Il centro di tutela contro le discriminazioni

Propaganda elezioni comunali Bolzano 2005Propaganda elezioni comunali Bolzano 2005 Finalmente anche la Provincia di Bolzano si muove sul fronte della tutela contro le discriminazioni!

Ad ottobre 2012 il Consiglio Provinciale ha approvato il regolamento di esecuzione concernente il Centro di tutela contro le discriminazioni fondate su razza, colore della pelle od origine etnica, genere, orientamento sessuale, disabilità, lingua, religione, nazionalità o appartenenza ad una minoranza nazionale, previsto dalla L. P. 12 del 2011 “integrazione delle Cittadine e Cittadini stranieri”

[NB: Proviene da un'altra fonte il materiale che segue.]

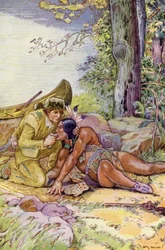 Ja, Wasser sollst du haben, wenn du den See leer trinkst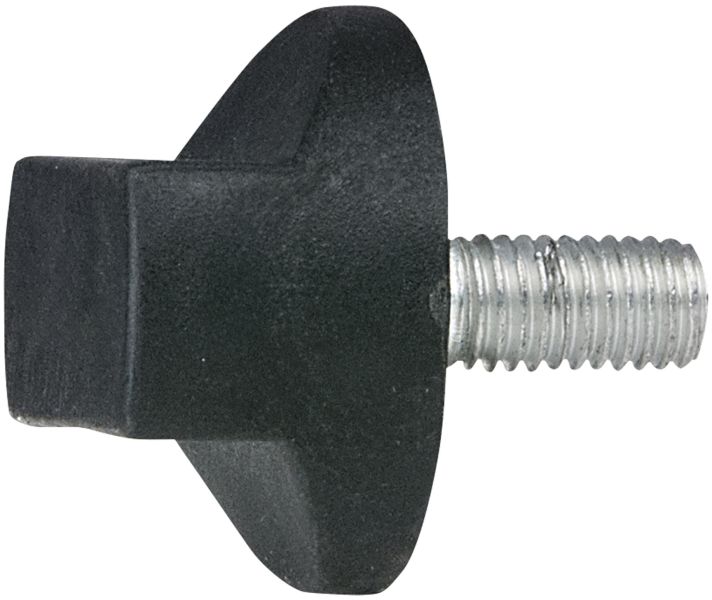 Rotary knob M10x20 (upright) - black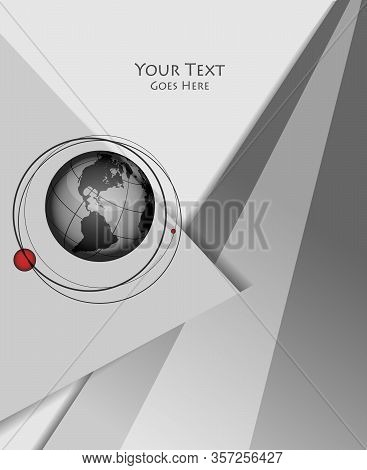 Vector Modern Cover Template. Abstract Bright Background For Poster, Brochure, Flyer Design. Layout 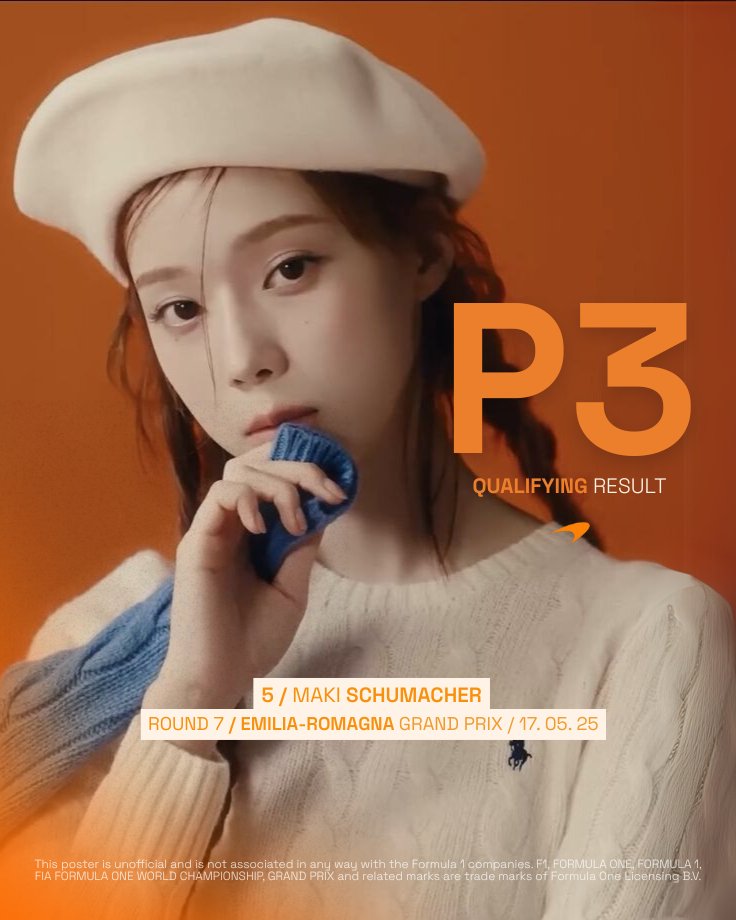 ⠀

BACK ON TRACK! 🧡

P3 is in the bag for McLaren! An amazing second row spot for our Maki's performance today. Watch out for her as she takes part for the team tomorrow afternoon!

#MS5  //  @nearvvn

L’ Italia è stata più volte ammonita a livello europeo per l’inosservanza di raccomandazioni e risoluzioni a tutela delle minoranze Sinte e Rom  (Raccomandazione n. 1557/2002 del Consiglio d’Europa, risoluzione del Parlamento Europeo sulla situazione dei Sinti e dei Rom nell’Unione Europea n. P6/TA- PROV (20059) 0151, carta Europea delle lingue Regionali o minoritarie). Nonostante ciò ancora stenta a promuovere politiche di tutela contro tali discriminazioni e nemmeno si impegna a coinvolgere rappresentanze dei diretti interessati, sia a livello politico, sia a livello organizzativo, come avviene invece in altri paesi europei. Ma c’è di peggio. In Italia raramente vengono condannati gli atti di istigazione all’odio razziale contro Sinti e Rom

Sino ad oggi anche l’Alto Adige non si è distinto e noi Sinti non ci siamo sentiti realmente tutelati contro gli atti di discriminazione che quotidianamente uomini, donne e bambini Sinti subiscono.

In qualità di segretario della Federazione nazionale Rom e Sinti Insieme e di presidente dell’Associazione culturale di promozione sociale Nevo Drom, costituita prevalentemente da persone Sinte, anche in virtù di quanto riportato dagli art. n° 3 e n° 4 del regolamento di esecuzione (“ Formazione e sensibilizzazione”, reti e collaborazioni”)1, auspico che il Centro di tutela contro le discriminazione coinvolga attivamente nella propria organizzazione i diretti interessati, quindi anche i Sinti, alcuni dei quali in possesso di preparazione e qualifiche di mediazione culturale e interculturale riconosciute a livello nazionale ed europeo.  

Sarebbe un atto di civiltà che metterebbe in pratica, e non solo sulla carta, gli stessi principi di tutela che questa legge provinciale ha finalmente ratificato.

Radames Gabrielli

 

 

1

Art. 3 Formazione e
sensibilizzazione
1. in Centro di tutela
organizza e svolge attività informativa, formativa e di sensibilizzazione
nonché studi scientifici per promuovere e realizzare una cultura finalizzata
alla tutela del diritto di uguaglianza, della pari opportunità e della piena
cittadinanza degli individui e volta al contrasto dei fenomeni discriminatori.
Art.4 – Reti e collaborazioni
1. Il Centro di tutela opera,
attraverso oppositi protocolli di intesa, con una rete di istituzioni locali e
soggetti attivi nel settore della tutela, nonché con associazioni e gruppi non
formali di interesse che si occupano di migranti, di persone con background
migratorio o di gruppi etnici, o ancora di questioni di genere, di orientamento
sessuale, di disabilità di religione, tutti localmente attivi nella promozione
e tutela del diritto all’uguaglianza.     
2. I rapporti di collaborazione
tra l’Ufficio nazionale Antidiscriminazioni Razziali (UNAR) ed in Centro di
tutela sono disciplinati con apposito protocollo d’intesa.
3. Per la progettazione e la
realizzazione delle attività previste dal presente regolamento di esecuzione.
Il Centro di tutela può intervenire in forma diretta o avvallarsi, tramite
convenzione , anche della collaborazione di enti pubblici e privati, di
università ed esperti/esperte del settore.